Household purchases of beef in the first nine months of 2016 were down 5% by volume, according to Nielsen consumer panel data, and 7% by expenditure, repeating a similar decline recorded in 2015.
And a 3% fall was revealed at last week’s Bord Bia’s Meat Marketing Seminar, compared to beef consumption increases of 1.1% to 1.8% in the UK, Netherlands, Germany and Spain; 0.1% in France; and 3.1% in Ireland.
Consumer demand for beef has been falling steadily in Italy.
At the same time, Poland is increasing its Italian market share, putting pressure on other suppliers.

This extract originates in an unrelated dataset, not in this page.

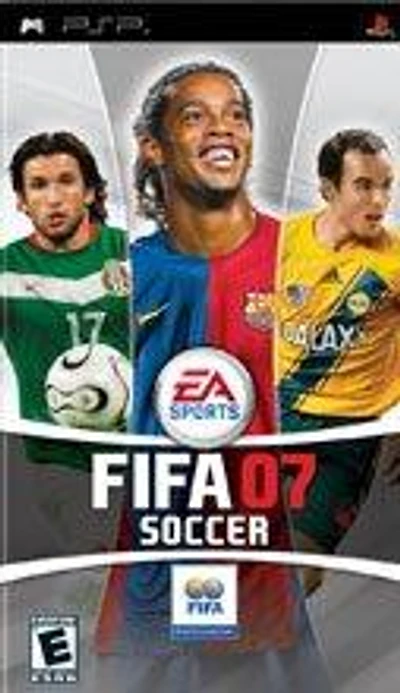 FIFA Soccer 2007 - Sony PSP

Demand has fallen in Italy for meat in general, with fresh pork and poultry sales also particularly affected.
This is attributed to pressure on consumers’ incomes, forcing poorer families in particular to cut back on meat purchases.
This exacerbates the general switch away from meat, as consumers become more health conscious.
France has traditionally been the main beef supplier, mainly from young bulls, but has been under increasing threat from Polish young bull beef.
Poland could emerge as the largest supplier to Italy in 2017, representing a gain for the Irish processing companies which are now increasingly involved in the Polish beef sector.
In 2005, the first full year of Polish membership of the EU, their share of Italian imports was just 6%. Now, their share is 20%, compared to France’s 21%.
Ireland is a small supplier to Italy, with shipments of 21,000 tonnes in 2015.
It has been a premium market, for heifer beef in particular, in recent years, but shipments declined sharply in 2015.
Italian import demand for beef seems likely to fall further in 2017, with economic uncertainty an issue again following the referendum at the beginning of December which resulted in the resignation of Prime Minister Matteo Renzi.
However, EU beef consumption growth generally is expected to continue in 2017 near the 2.4% growth recorded in 2016.